Though you may drive nature away with a pitchfork, she always returns – Horace (Quintus Horatius Flaccus, poet 65 BC to 8 BC)
And Nature (interestingly Horace considered Nature a lady) always returns with a vengeance. The coronavirus and its relatively rapid spread is proof of that. We have been pouring greenhouse gases into our atmosphere for years now and causing as yet not fully understood changes to our environment. True, the coronavirus may have developed anyway, but it is likely to have been at least accelerated by global warming, if not entirely caused by same. Indeed, scientists of all nationalities concerned with such matters on the Intergovernmental Panel on Climate Change (the IPCC) predicted some time ago a rise in new diseases and new plagues as the world warms.
It is not the first time Humankind has faced the consequences of its own collective folly; the Black Death of the mid-14th century was directly exacerbated, if not entirely caused, by Humanity's failure to regulate its own pollution – as was the great influenza outbreak in 1918; both these occurrences highlighted, not so much a systemic failure, as a failure in having any systems at all in place to control and manage waste (along with an almost total lack of understanding as to what was really happening).
The same is true today when mass stupidity and greed have kept us pouring greenhouse gases into the atmosphere; since 2015 there has been a 4% rise in the amount of such dumped skyways despite our intellectual knowledge of the damage being caused – and that knowledge having been with us since the 1960s, if not earlier. The IPCC made it clear way back in 2007 that the rider on the pale, wan horse would gain substantially as disease swept the planet. They then anticipated an advance of malaria – over the years the greatest disease killer of human beings – into more northerly climes. That has not happened to any extent yet, but coronavirus appears an effective substitute.
There is still hope – but hope to be viable has to be linked to action. The necessary steps being taken to limit the advance of COVID-19 are also steps that are linked and intertwined with the steps to limit global warming. The Copernicus Sentinel-SP Satellite, launched in April of 2014 as part of a dual satellite system, has, as one of its functions (the other might well be to spy) the task of monitoring world pollution levels. It specifically records atmospheric pollution and it has recently reported sharp drops in emissions over Italy – in line with that country's industrial shut-down. The same results have been recorded by NASA's Aura satellite over China – again consistent with China's self-imposed restrictions. In fact, as much as 200 megatons of carbon dioxide is estimated as having been stopped from entering our atmosphere.

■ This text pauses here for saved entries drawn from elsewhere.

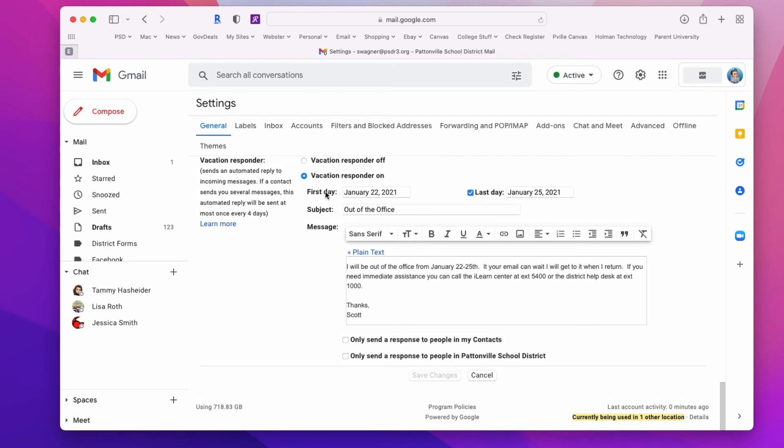Starting at 12:01 AM on January 22nd, anyone who sends me a message will get this message kicked back to them. Again, I can still check those messages if I want, but they'll get a message letting them know I'm going to be out.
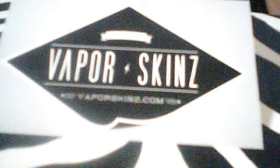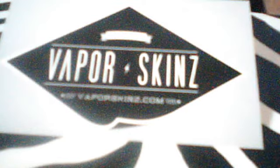It's Vapor Skins with a Z. So go ahead and give these guys a look over. They've got something for everyone. Alright. I'll talk to you all later. Bye.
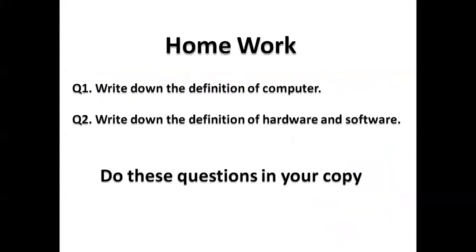This is your homework. Question number one: Write down the definition of computer. Question number two: Write down the definition of hardware and software.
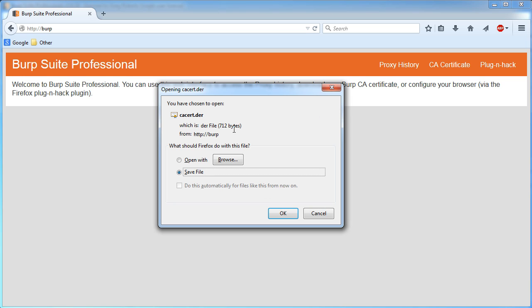Now I actually already have this configured with Firefox so I'm not going to set it up again or else it might mess up. But save this file and click OK and then you're going to download this certificate from Burp.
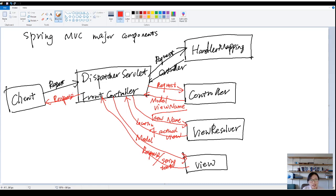This is the flow of the Spring MVC major components, how they are interacting with each other. Hope you like it. Thank you.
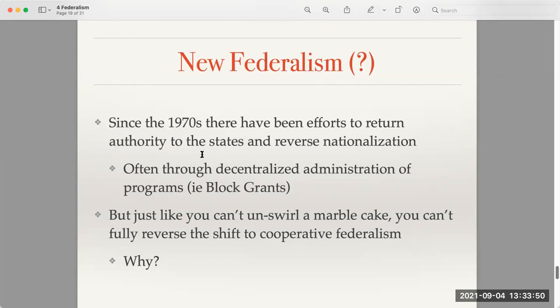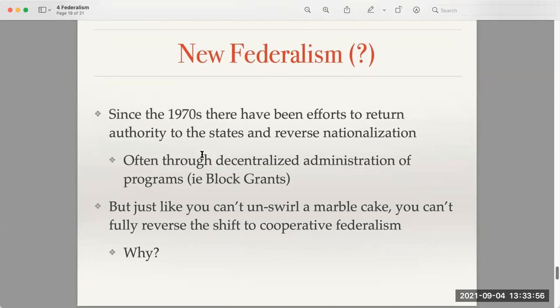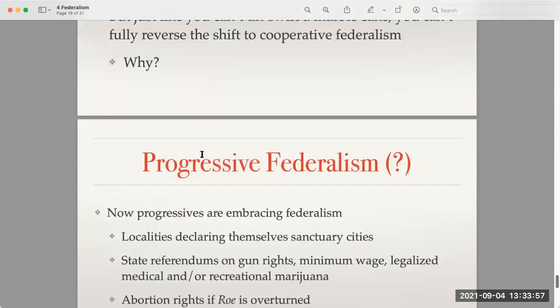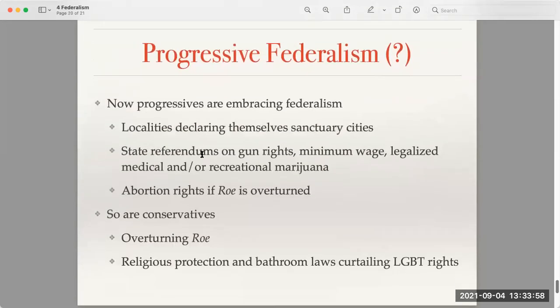With this shift to new federalism, we've started to see a pushback and maybe a shift towards progressive federalism.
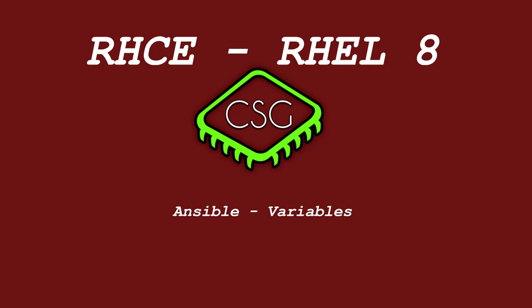Hi, and welcome to another video in the RHCE video series. Today's video is on Ansible variables.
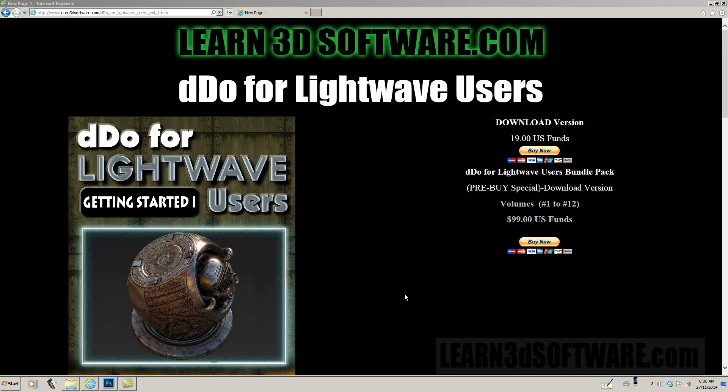Hey guys, this is Adam Gibson from Learn3Dsoftware.com and I'm here to tell you today about a new series that we just released. It's called DDo for Lightwave users.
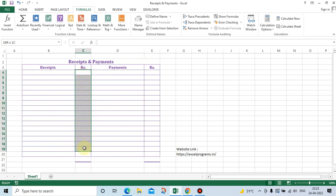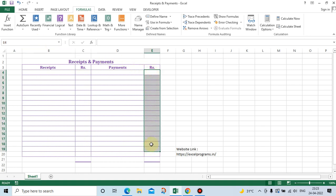Select from C4 to C19. This is the Name Box — go to it and type 'receipts_range'. You can't give a space here. Similarly, go to the payments range and call it 'payments_range'.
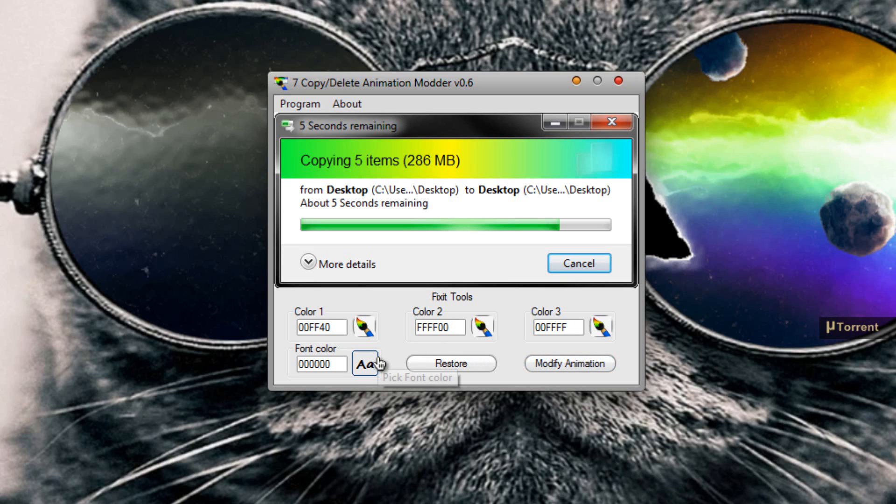If you want to change the font of the text in this animation, all you have to do is click here where it says Font Color and change the color of your font.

As shut-downs spread throughout our world this figure can only increase – and that is good (although not the manner in which it is being achieved). The challenge will be to maintain that progress and, to do so, we will have to accept the trade-off which is that our extravagant way of life will have to be modified – and modified massively. Leisure activities, such as foreign holidays and sea cruises, will have to be severely curtailed; more people will have to be encouraged to work from home, motor-vehicle sales restricted and attendances at sporting and entertainment events controlled: as against this public transport can be encouraged by lowering fares and developing new routes: that has the down-side of bringing more people together but coronavirus will not always be with us. And there is also the need to discourage meat-eating and the frequent purchasing and throwing away of cheap clothing – both activities linked to additional greenhouse gas emissions.
These restrictions and changes are certainly not pleasant and, assuredly, the economies of nations will be ruined by their implementation – but global warming will destroy economies much more thoroughly anyway if left unchecked. Already panic has set in on the world's stock markets as share prices plummet in free fall (Saga shares, for example, were once £2.30 per share; they are now around 15 pence). To a certain extent, this fall in share prices and the continued change in living styles will, in itself, help to reduce wealth inequality in the world (again this may be a good thing in itself but certainly not the manner in which such is being achieved). In turn, all this will inevitably lead to unemployment – and on a massive scale – forcing a need to restructure our world systems (bearing in mind that this particular plague could well be only the first of a number given the continued rise in global temperature).
But if we accept the new restrictions and adapt to them we then have a good chance of surviving as a species and can offer our children some sort of future to develop upon. If we do not do something soon about global warming, we are going to find that we are going to waste a lot of pitchforks and that there may not be that many of us left to use them.